Plasma-Based Nitrogen & Electrified Chemical Systems

This research focuses on plasma-enabled systems for nitrogen fixation and electrified chemical production, enabling decentralized and low-carbon alternatives to conventional synthesis methods.

Core Areas

  • Non-thermal plasma-based nitrogen fixation from air and water
  • Plasma-liquid interaction systems
  • Electrified ammonia and fertilizer production 

Representative Work

  • Development of plasma-liquid systems generating reactive hydrogen and nitrogen species in situ
  • Demonstration of nitrogen conversion into aqueous ammonia and related compounds

Current & Emerging Work

  • Sustainable ammonia production using plasma systems
  • Nitrogen fixation onto lignin and biomass

Impact

Supports low-carbon chemical production and distributed fertilizer systems, reducing reliance on energy-intensive industrial processes.

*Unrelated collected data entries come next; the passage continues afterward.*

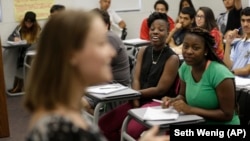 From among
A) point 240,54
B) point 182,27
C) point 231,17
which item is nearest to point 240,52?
point 240,54

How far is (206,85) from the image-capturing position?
2561 millimetres

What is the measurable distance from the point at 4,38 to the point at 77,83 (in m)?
5.34

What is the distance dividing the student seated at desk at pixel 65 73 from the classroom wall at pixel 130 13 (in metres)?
4.95

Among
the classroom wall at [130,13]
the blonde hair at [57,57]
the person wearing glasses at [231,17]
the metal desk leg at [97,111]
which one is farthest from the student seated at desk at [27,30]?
the blonde hair at [57,57]

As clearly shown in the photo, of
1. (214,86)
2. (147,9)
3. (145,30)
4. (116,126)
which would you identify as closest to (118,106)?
(116,126)

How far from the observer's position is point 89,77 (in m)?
0.86

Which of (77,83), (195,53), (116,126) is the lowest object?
(116,126)

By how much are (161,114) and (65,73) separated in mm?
1680


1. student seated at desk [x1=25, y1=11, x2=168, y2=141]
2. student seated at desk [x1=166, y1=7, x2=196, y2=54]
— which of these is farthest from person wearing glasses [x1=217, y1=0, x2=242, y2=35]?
student seated at desk [x1=25, y1=11, x2=168, y2=141]

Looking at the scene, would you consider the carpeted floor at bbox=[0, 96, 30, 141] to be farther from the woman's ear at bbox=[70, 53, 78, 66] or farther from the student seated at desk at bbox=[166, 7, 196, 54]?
the woman's ear at bbox=[70, 53, 78, 66]

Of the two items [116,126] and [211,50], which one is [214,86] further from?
[116,126]

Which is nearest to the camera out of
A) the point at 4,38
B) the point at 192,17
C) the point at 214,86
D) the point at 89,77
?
the point at 89,77

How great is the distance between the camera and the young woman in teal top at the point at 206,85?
2.47 meters

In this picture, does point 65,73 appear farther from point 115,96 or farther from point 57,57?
point 115,96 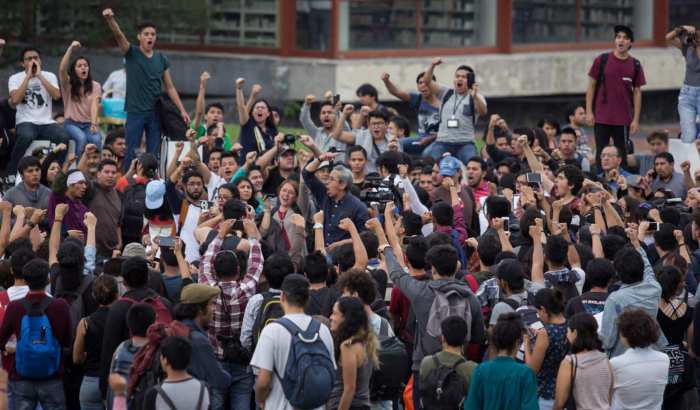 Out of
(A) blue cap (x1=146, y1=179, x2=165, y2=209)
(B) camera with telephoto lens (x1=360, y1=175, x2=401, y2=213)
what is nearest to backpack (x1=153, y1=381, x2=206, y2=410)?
(A) blue cap (x1=146, y1=179, x2=165, y2=209)

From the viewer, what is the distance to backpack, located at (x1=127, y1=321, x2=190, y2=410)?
894 cm

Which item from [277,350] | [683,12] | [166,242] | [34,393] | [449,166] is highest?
[683,12]

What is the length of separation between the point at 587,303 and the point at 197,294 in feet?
8.97

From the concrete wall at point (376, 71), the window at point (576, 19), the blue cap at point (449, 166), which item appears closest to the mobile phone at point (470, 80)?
the blue cap at point (449, 166)

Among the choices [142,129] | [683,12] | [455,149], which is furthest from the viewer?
[683,12]

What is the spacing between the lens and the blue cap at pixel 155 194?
13031 millimetres

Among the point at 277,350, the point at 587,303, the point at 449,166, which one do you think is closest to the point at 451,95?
the point at 449,166

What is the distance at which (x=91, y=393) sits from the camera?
1000 centimetres

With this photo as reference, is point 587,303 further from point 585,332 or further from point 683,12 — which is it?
point 683,12

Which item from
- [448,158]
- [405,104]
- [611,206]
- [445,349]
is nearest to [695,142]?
[448,158]

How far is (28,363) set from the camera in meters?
9.86

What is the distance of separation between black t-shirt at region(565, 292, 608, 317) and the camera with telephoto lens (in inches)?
136

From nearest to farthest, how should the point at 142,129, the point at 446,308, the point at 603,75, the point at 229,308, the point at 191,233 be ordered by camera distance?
1. the point at 446,308
2. the point at 229,308
3. the point at 191,233
4. the point at 142,129
5. the point at 603,75

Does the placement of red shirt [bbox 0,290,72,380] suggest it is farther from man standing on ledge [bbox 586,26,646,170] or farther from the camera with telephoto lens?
man standing on ledge [bbox 586,26,646,170] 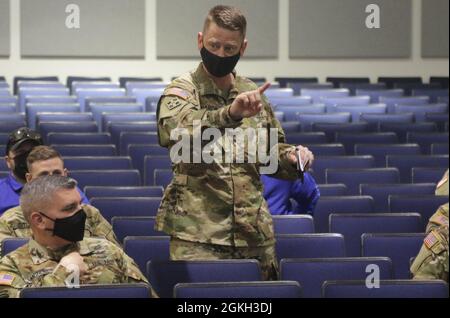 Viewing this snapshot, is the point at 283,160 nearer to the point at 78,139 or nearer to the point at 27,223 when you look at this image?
the point at 27,223

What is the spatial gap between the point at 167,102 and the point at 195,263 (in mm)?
631

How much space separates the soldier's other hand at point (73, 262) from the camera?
3.47 metres

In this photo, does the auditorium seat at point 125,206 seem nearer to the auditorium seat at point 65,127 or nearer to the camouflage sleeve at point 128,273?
the camouflage sleeve at point 128,273

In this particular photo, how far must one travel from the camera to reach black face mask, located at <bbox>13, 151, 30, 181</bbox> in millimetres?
5066

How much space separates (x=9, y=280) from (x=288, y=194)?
8.39ft

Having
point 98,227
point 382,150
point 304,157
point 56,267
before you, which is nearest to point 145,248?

Nonthermal Food, Ingredient & Material Processing

This area develops nonthermal and hybrid technologies to improve food safety, enhance ingredient functionality, and reduce energy consumption while preserving quality.

Core Areas

  • Non-thermal processes for clean-label food and nutraceutical ingredients
  • Non-thermal processing of foods
  • Decontamination of seeds and grains
  • Functional ingredients from agricultural byproducts
  • Low-field NMR for food structure and quality analysis

Representative Work

  • Development of continuous intense pulsed light (IPL) systems achieving up to 5-log microbial reduction in powdered foods
  • Validation of bactericidal mechanisms using molecular, imaging, and metabolomic techniques
  • Nonthermal processing approaches for food safety and shelf-life extension
  • Development of analytical methods using low-field NMR to characterize moisture distribution, fat crystallization, and structural changes in food systems

Current & Emerging Work

  • Almond hull valorization into phenolic-rich syrups, fibers, and nanocellulose materials
  • Plasma-based modification of vegetable oils 
  • Microwave fluidized bed disinfection of wheat kernels 

Impact

Improves food safety and quality while enabling development of clean-label ingredients and advanced food materials, supported by advanced analytical characterization tools.

Integrated Circular Systems

This research integrates multiple technologies into scalable systems combining energy, water, waste, and production processes.

Core Areas

  • Integrated system for animal wastewater treatment and utilization
  • Sustainable animal production systems
  • Inactivation of air-borne pathogens

Representative Work

  • Multi-stage biological system achieving >98% nutrient removal
  • Integrated systems producing biofuels, fertilizers, and feed
  • Plasma and microwave-based air sanitation systems

Current & Emerging Work

  • Integrated landfill-to-resource systems
  • Distributed circular production platforms
  • Cross-sector systems linking energy, water, and materials

Impact

Demonstrates real-world deployment of circular economy technologies with measurable environmental and economic benefits.